DATASET.
▼▼▼

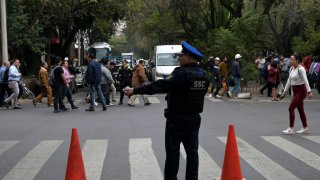 A policeman directs traffic after an earthquake in Mexico City on December 7, 2023.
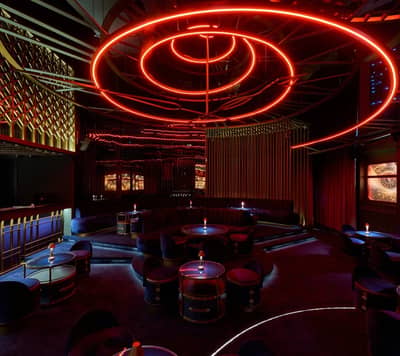Amelia Restaurant & Lounge in Dubai with modern red lighting design.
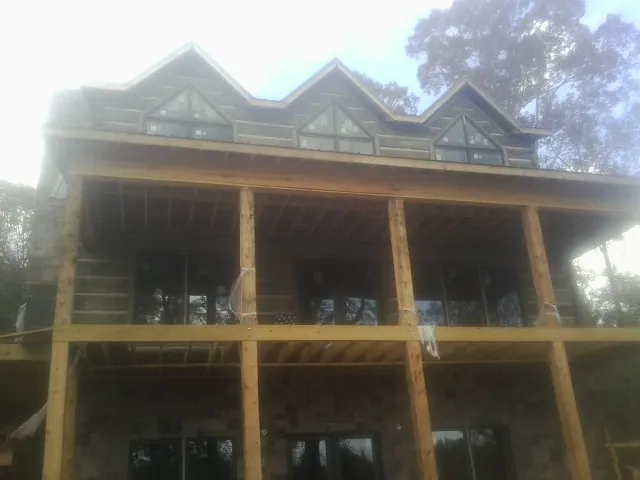 Dormers and porch framing on a large log home under construction — Roof Coating work by our crew in Prospect Park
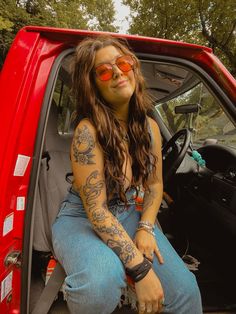 a woman sitting in the back of a red truck with tattoos on her arms and legs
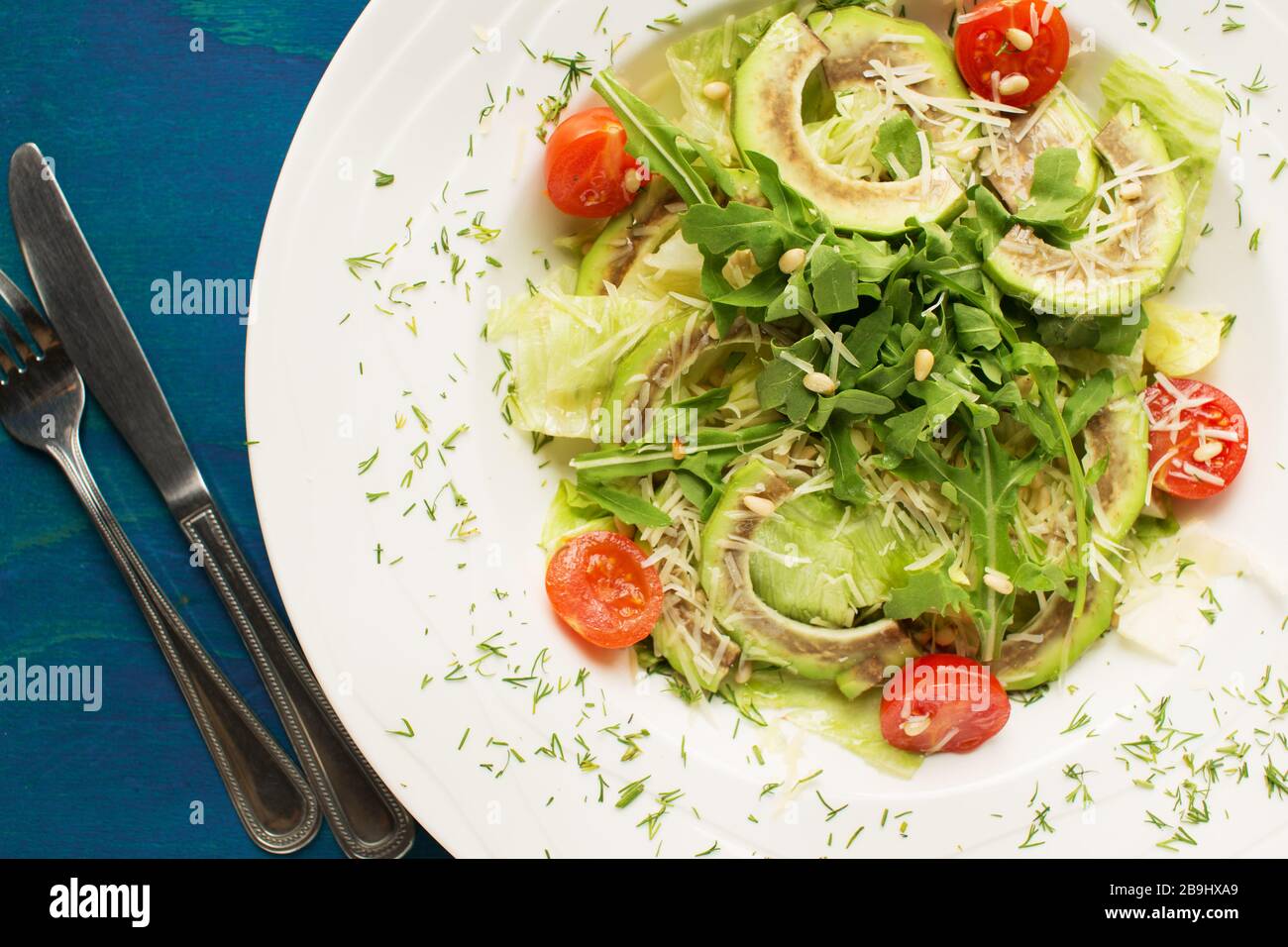 Leckerer gesunder Salat mit Avocado und Arugula von oben Stockfoto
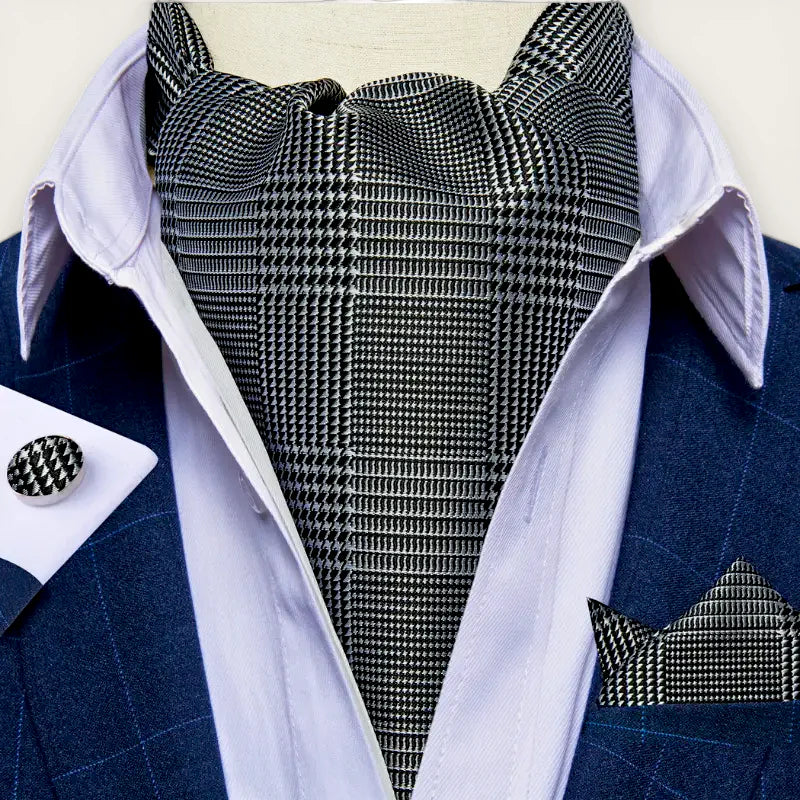 Grey silk ascot in black and white houndstooth with navy suit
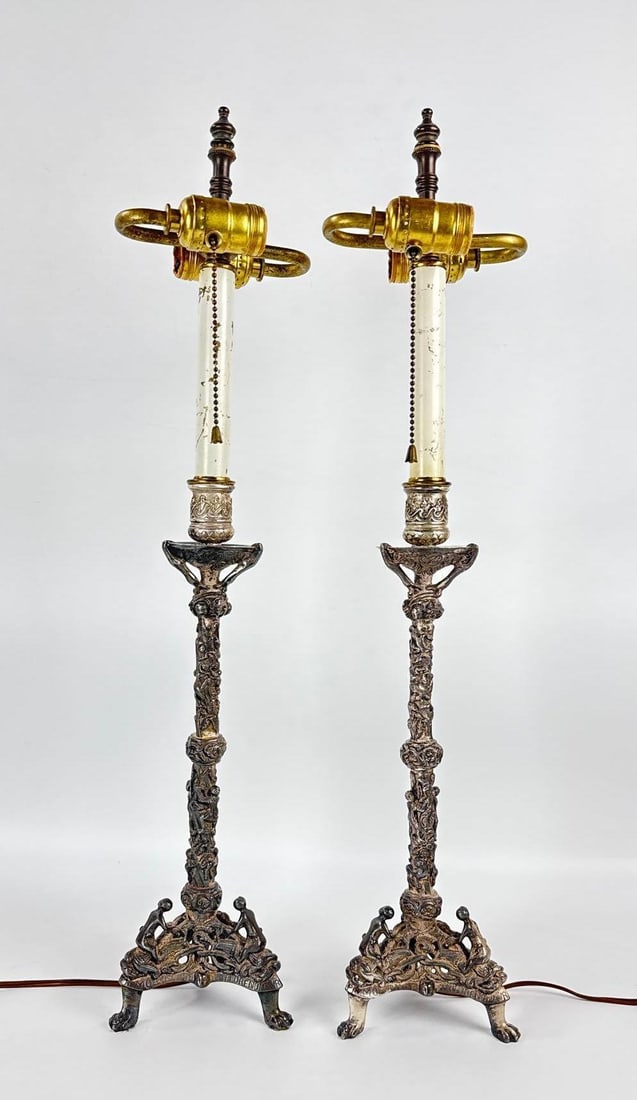 EXCEPTIONAL PAIR OF ANTIQUE FRENCH NEOCLASSICAL SILVERED BRONZE CHERUB COLUMN LAMPS: Matched set of stately table lamps featuring silver-toned metal winged cherub tripod bases supporting tall white fluted columns and classic candlestick-style sockets. Approximate Dimensions: 26"h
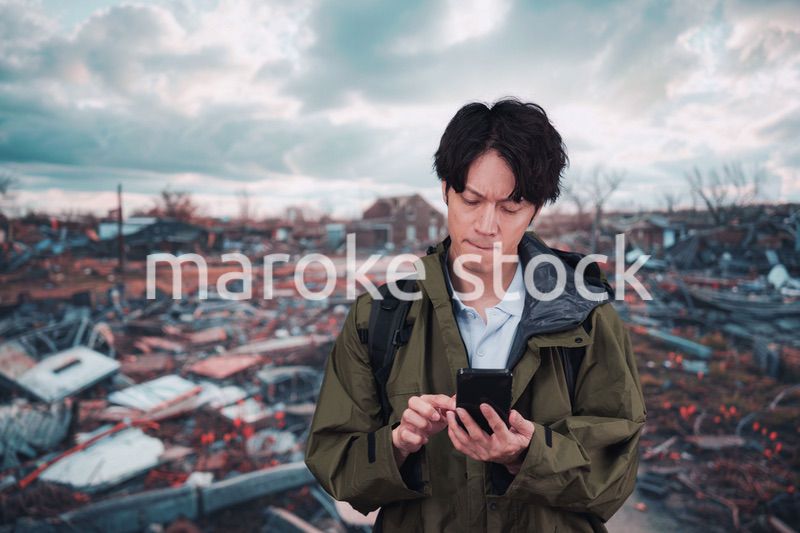 地震で被災した男性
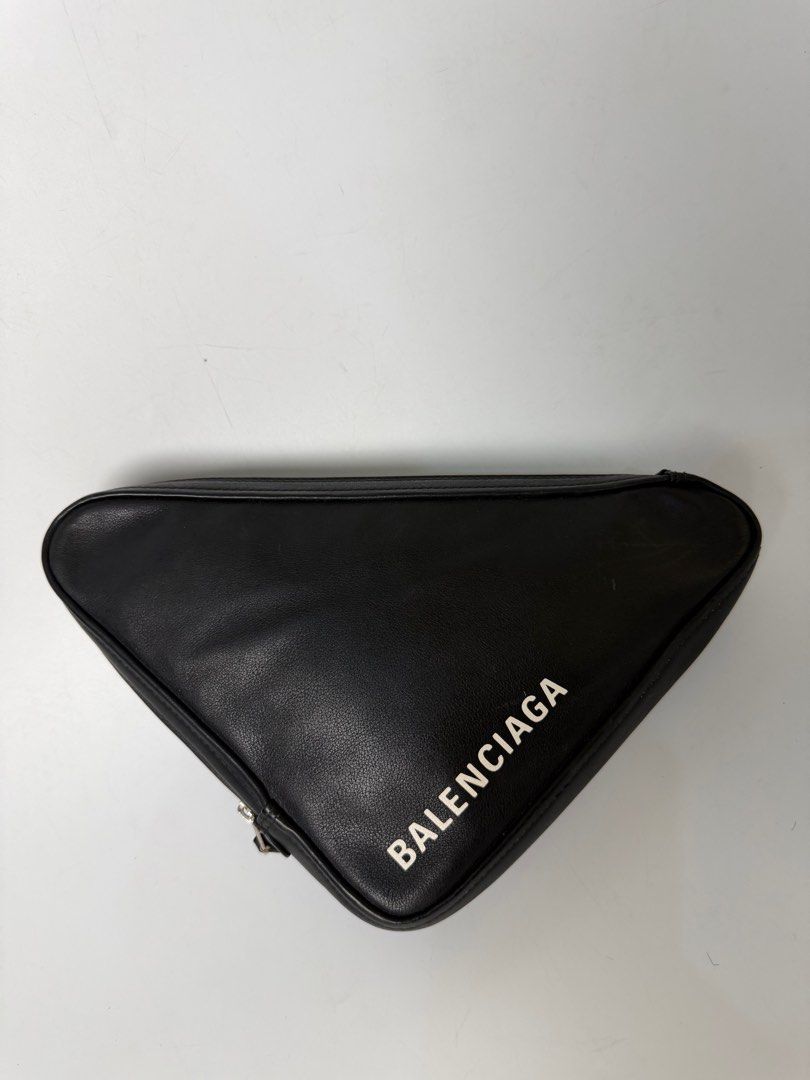 Balenciaga Triangle Clutch (Category: Luxury Bags & Wallets) located in Bayambang. Submitted by aevan143 (Listing ID 1424592808, Image 2). Description: - Balenciaga Triangle Clutch - Black exterior with white Balenciaga logo - Red interior - Interior features Balenciaga logo and serial number - Zip closure - Made in Italy.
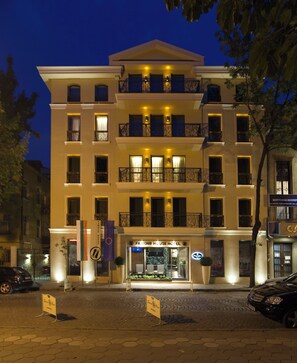 A multi-story hotel with a central entrance, balconies, and a sign indicating it is a hotel.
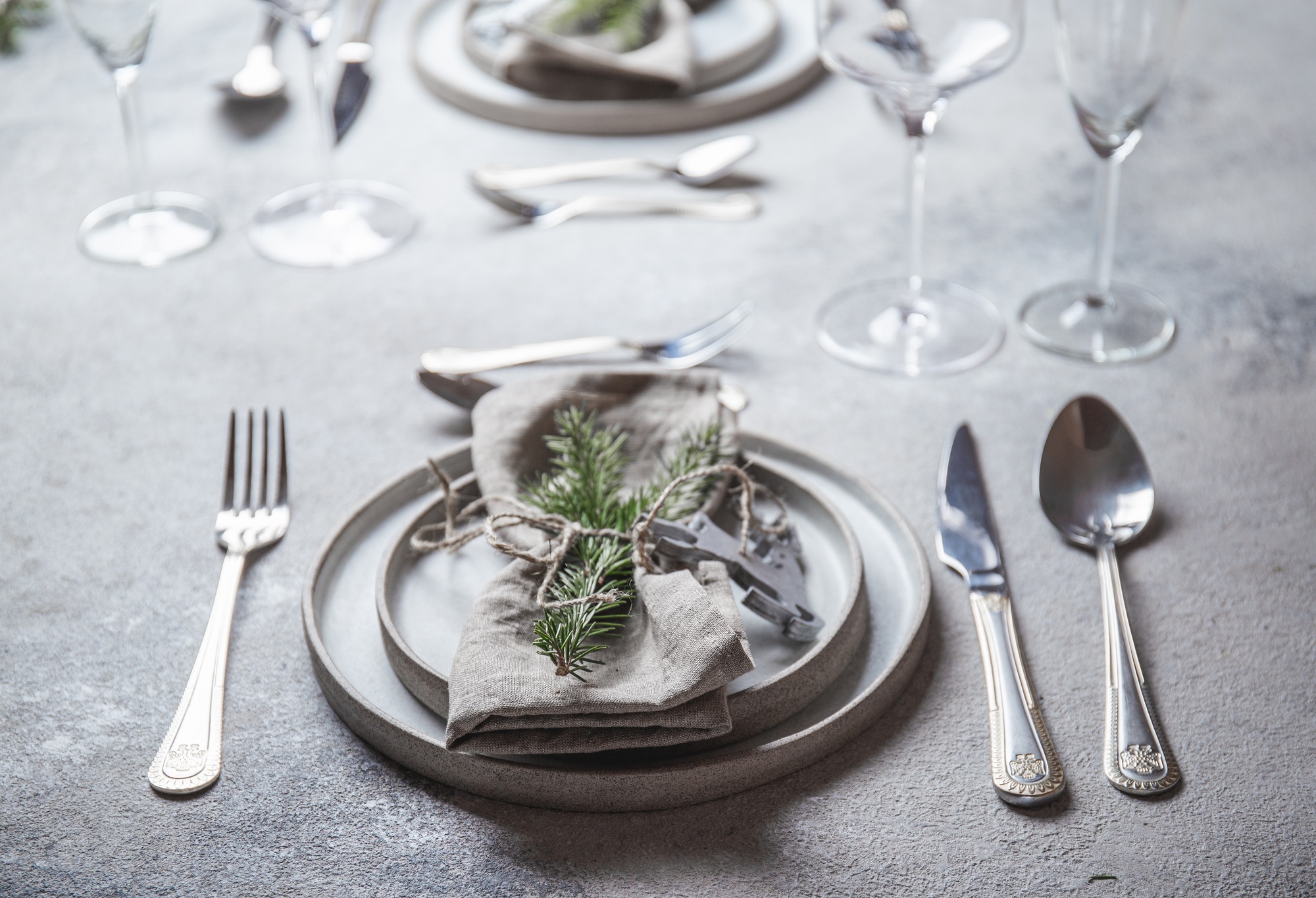Christmas table cutlery set with holiday decoration. Top view, copy space.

▲▲▲

TASK TO CARRY OUT.
At the line containing "a woman sitting", begin reproducing the entries word for word, and continue through their last line. Leave out the pictures.

ANSWER AREA.
 a woman sitting in the back of a red truck with tattoos on her arms and legs
 Leckerer gesunder Salat mit Avocado und Arugula von oben Stockfoto
 Grey silk ascot in black and white houndstooth with navy suit
 EXCEPTIONAL PAIR OF ANTIQUE FRENCH NEOCLASSICAL SILVERED BRONZE CHERUB COLUMN LAMPS: Matched set of stately table lamps featuring silver-toned metal winged cherub tripod bases supporting tall white fluted columns and classic candlestick-style sockets. Approximate Dimensions: 26"h
 地震で被災した男性
 Balenciaga Triangle Clutch (Category: Luxury Bags & Wallets) located in Bayambang. Submitted by aevan143 (Listing ID 1424592808, Image 2). Description: - Balenciaga Triangle Clutch - Black exterior with white Balenciaga logo - Red interior - Interior features Balenciaga logo and serial number - Zip closure - Made in Italy.
 A multi-story hotel with a central entrance, balconies, and a sign indicating it is a hotel.
Christmas table cutlery set with holiday decoration. Top view, copy space.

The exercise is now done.